#### [Work request]
Without any pictures, print the lines below from the one that has "Industrial-Storage-Warehouse-in-Wintertime---Aerial-Orbit" through the one that has "This gown retains", exactly and nothing else.

#### [Dataset excerpts]
##############################

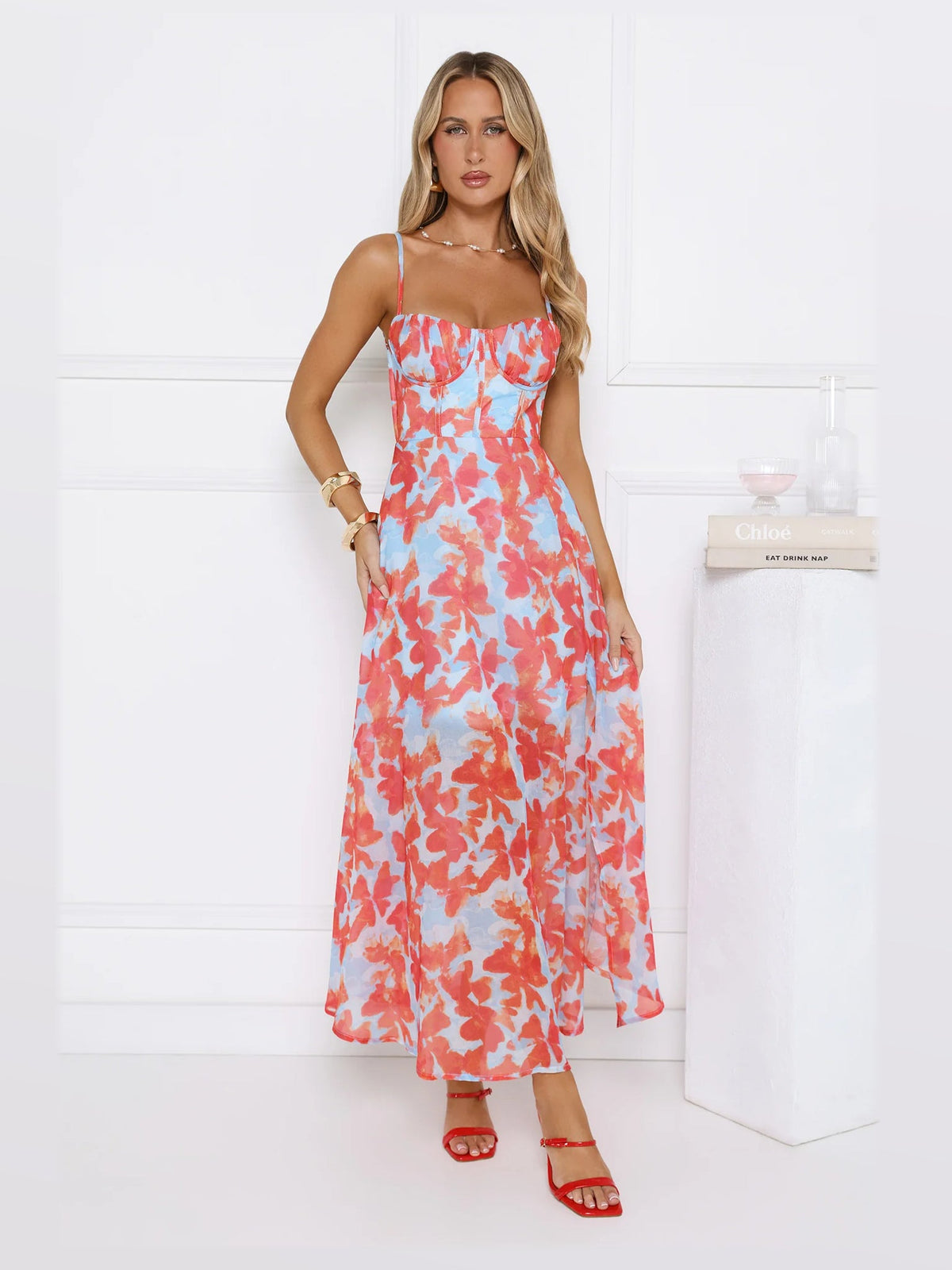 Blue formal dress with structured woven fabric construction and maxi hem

##############################

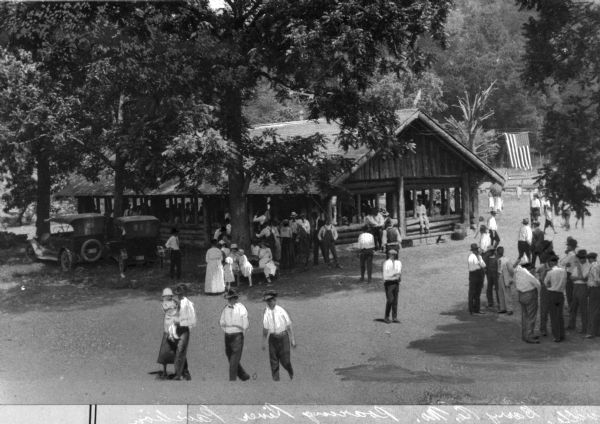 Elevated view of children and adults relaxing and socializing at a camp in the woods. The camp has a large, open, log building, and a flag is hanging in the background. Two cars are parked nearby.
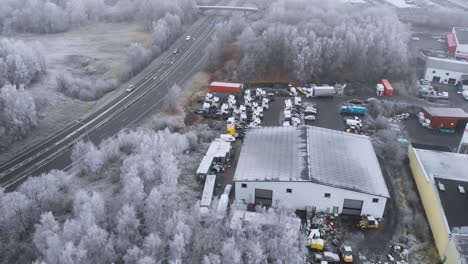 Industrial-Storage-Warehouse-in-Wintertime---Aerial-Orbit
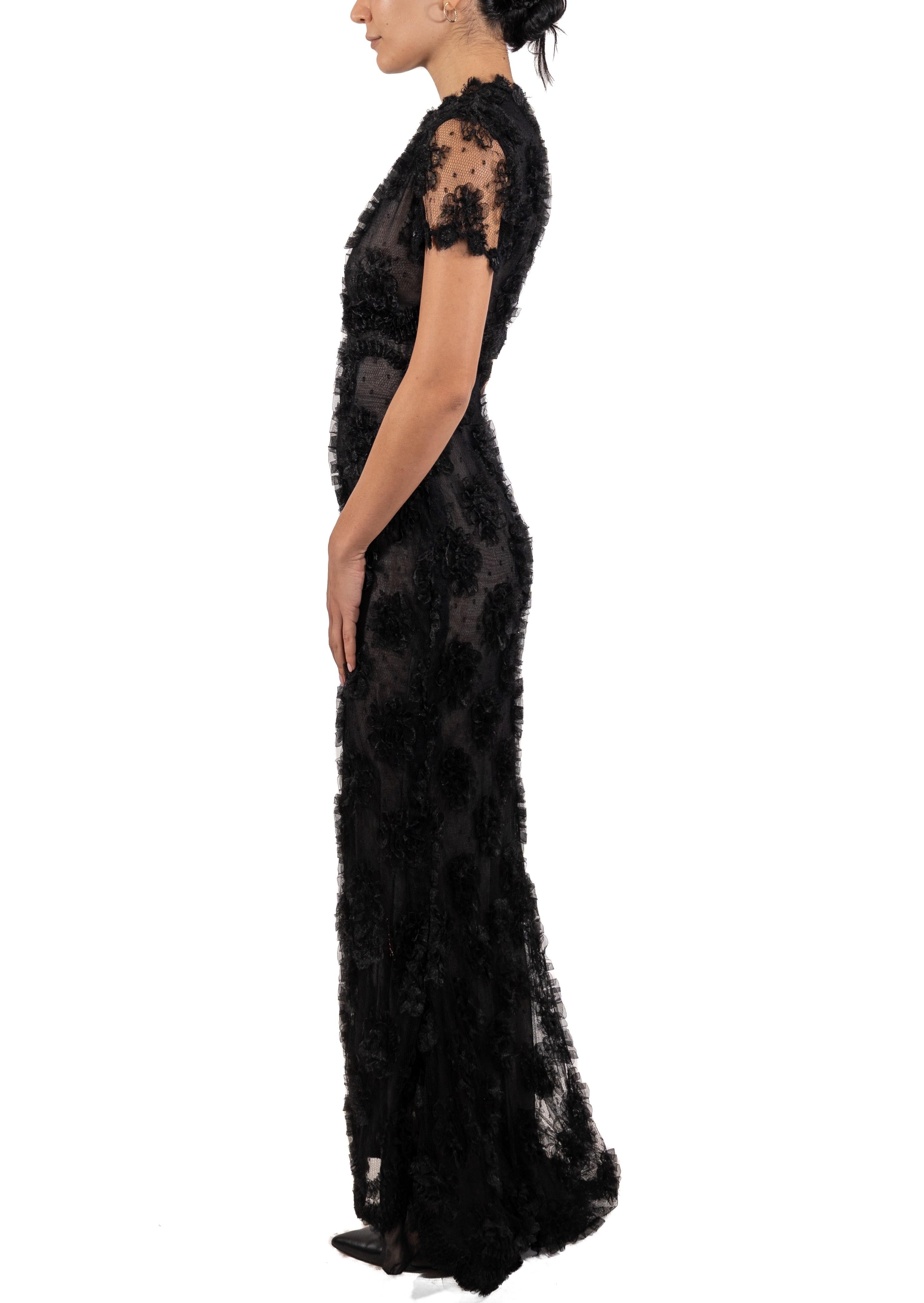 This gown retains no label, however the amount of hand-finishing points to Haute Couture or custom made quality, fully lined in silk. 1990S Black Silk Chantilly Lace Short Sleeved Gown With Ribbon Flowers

##############################

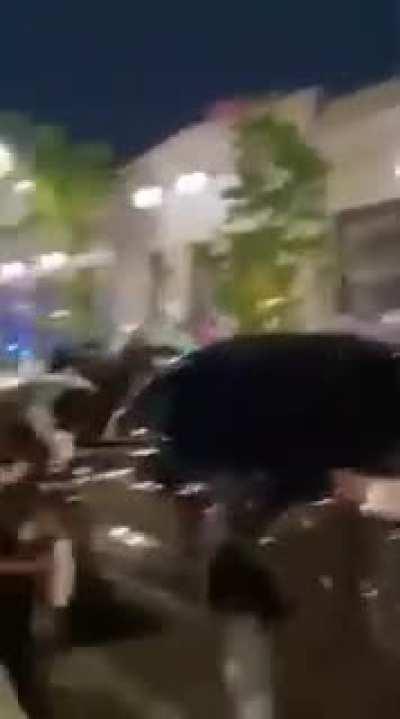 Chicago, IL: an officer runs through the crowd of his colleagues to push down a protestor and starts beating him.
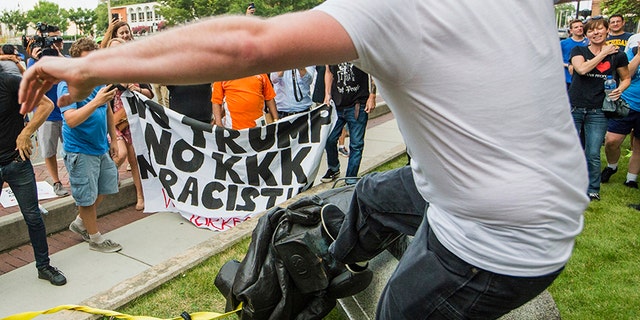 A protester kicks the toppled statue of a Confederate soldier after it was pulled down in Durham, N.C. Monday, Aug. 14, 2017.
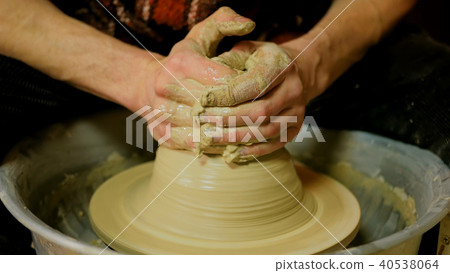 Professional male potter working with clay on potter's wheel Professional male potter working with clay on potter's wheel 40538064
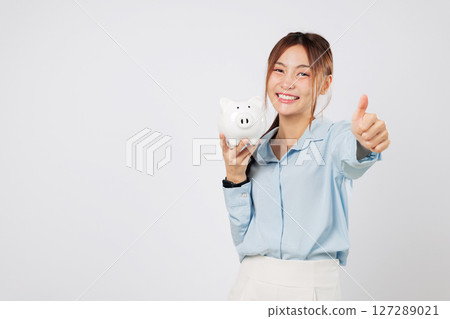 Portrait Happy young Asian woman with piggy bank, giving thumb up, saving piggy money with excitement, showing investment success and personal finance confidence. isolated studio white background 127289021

##############################

#### [Solution to the problem]
 Industrial-Storage-Warehouse-in-Wintertime---Aerial-Orbit
 This gown retains no label, however the amount of hand-finishing points to Haute Couture or custom made quality, fully lined in silk. 1990S Black Silk Chantilly Lace Short Sleeved Gown With Ribbon Flowers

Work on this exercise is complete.